Things people say either knowing or not knowing one is Jewish.
It does do a bit of behaviour modification after a while.
I think it is great that there are those about who are trying to get more dialogue going between all three major religions in Australia.
Particularly amongst the young, who are the leaders of tomorrow.
"People leaking into each other"…If that’s what Rushdie is all about, then he should be taught in schools.
Salam, shalom, peace, sister
A truly refreshing piece of reading and a great antidote to all the rubbish we see from tabloid scribblers masquerading as commentators on Islamic matters.
For myself, I find Rushdie’s prose slightly dense. But I always persevere with his texts and invariably emerge richer as a result.
I commend you for failing to act on the fatwa. But I’m sorry to hear you did not protest volubly, and possibly violently, against the wine and cheese. In my experience of London book signings, these are uniquely and universally foul.
Shakira I’m very impressed that you actually took the opportunity to meet the illustrious Salmon Rushdie.
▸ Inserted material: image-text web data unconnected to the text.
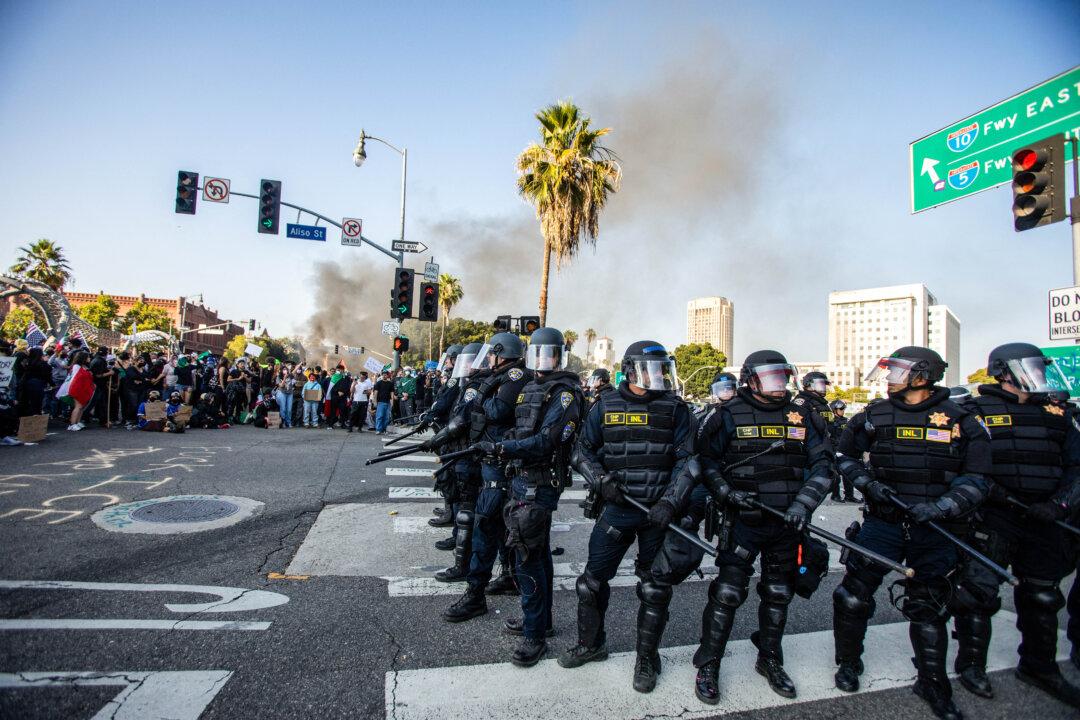 Protesters clash with law enforcement officers in the streets surrounding the federal building during a protest following federal immigration operations in Los Angeles on June 8, 2025. (Ringo Chiu/AFP via Getty Images)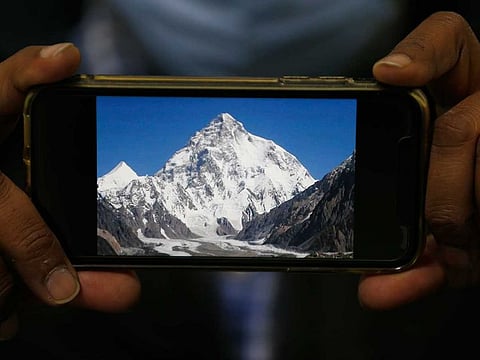 A photo of K2, the world's second-highest mountain, is displayed on a cell phone in Islamabad, Pakistan, Tuesday, Feb. 9, 2021.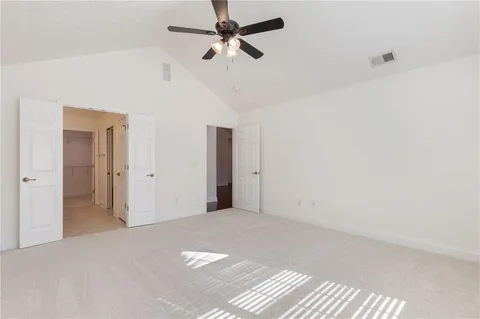 a bathroom with a sink double vanity and a mirror
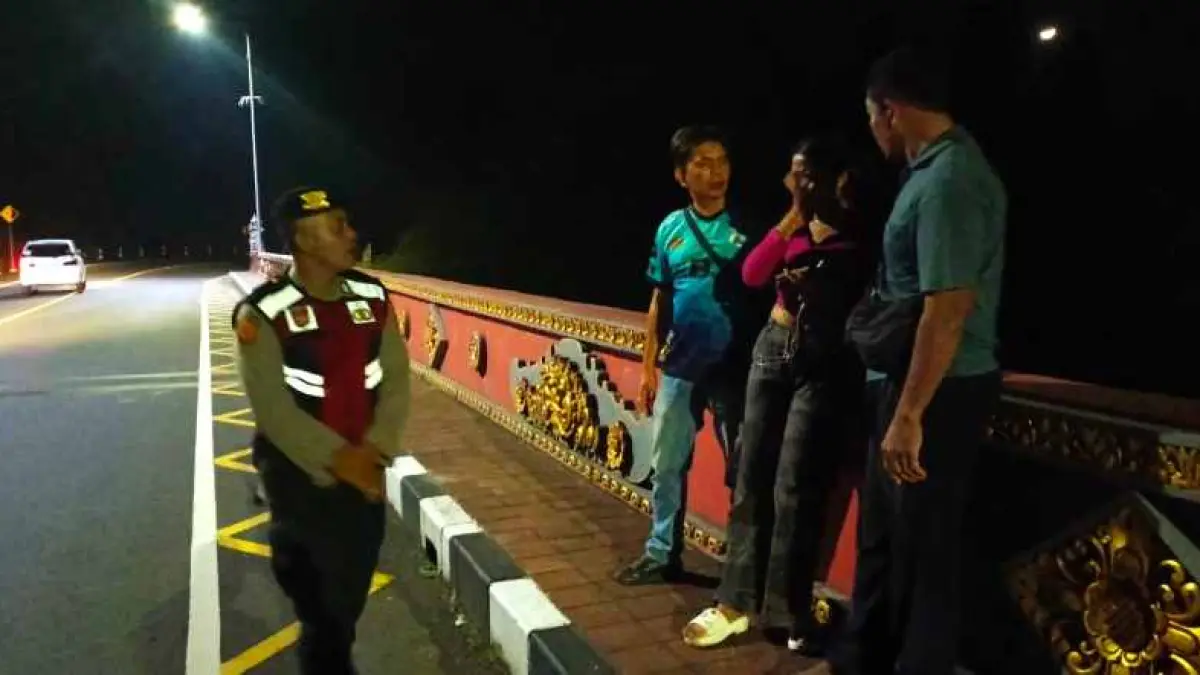TERSELAMATKAN : Polisi mencegah NMS dari percobaan bunuh diri &nbsp;di jembatan &nbsp;shortcut Singaraja-Mengwitani Titik 8. (foto: Polres Buleleng)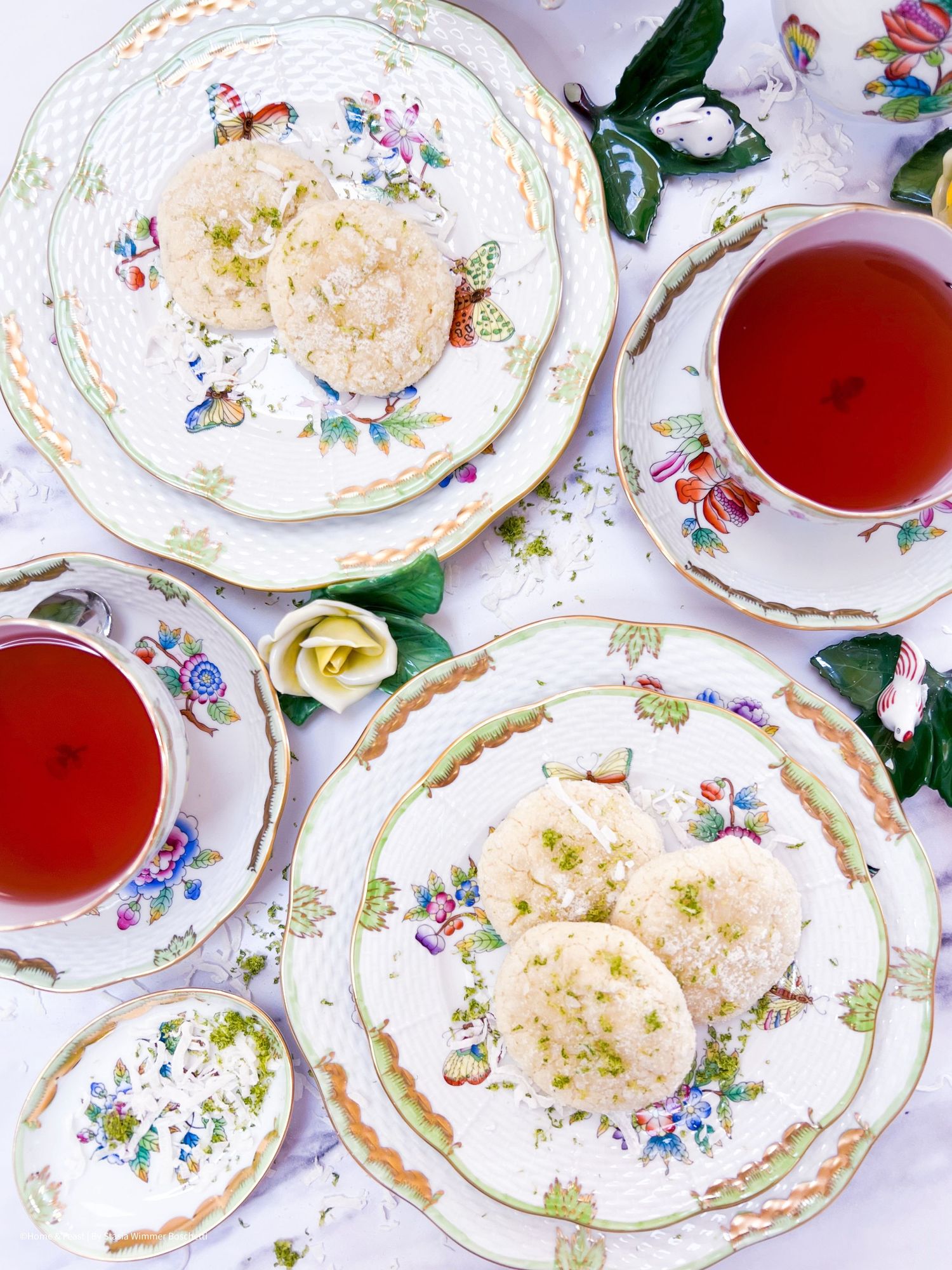 Overhead view of vintage floral plates with pastries and tea service.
I too like arel find his prose quite intricate and heavy going, however he is a master of the written word and his highly imaginative and descriptive passages invoke the eternal power of past mythologies, as he reinterprets and regurgitates these ancient ideas for modern times.
However, the problem you seem to be pondering over is our Western need for ‘freedom of speech’ especially when it concerns the criticism of religious texts.
Believe it or not this is one of the reasons Christianity arose from a repressive Jewish Orthodoxy in Roman times and it is this oppressive Orthodoxy which plagues Islam now, as most of the ideas and religious dogma arose from early Judaism.
Since those times many writers have written criticisms and critiques of both Judaism and Christianity, but why none from Islam?
If books can be banned for inciting violence against a particular group of people - in Islam’s case - non Muslims - then there is a real reason for banning the rote learning (without critical examination) of the Koran in Western culture.
Perhaps Muslims would then at least start reading the Koran with a critical 21st century mind, putting non-Muslims a little more at ease with the extremist ideas against infidels as expressed in the Koran.
I feel like this article was just getting started… and i was enjoying it and then it was over….
I thought you were going to say soemthing about more about your comment that Rushdie’s work helped you decide identify as a Muslim. It reminded me of something a friend of mine in Beirut said once about being of "Shia cultural extraction".. but an athiest and an advocate of many "western" freedoms.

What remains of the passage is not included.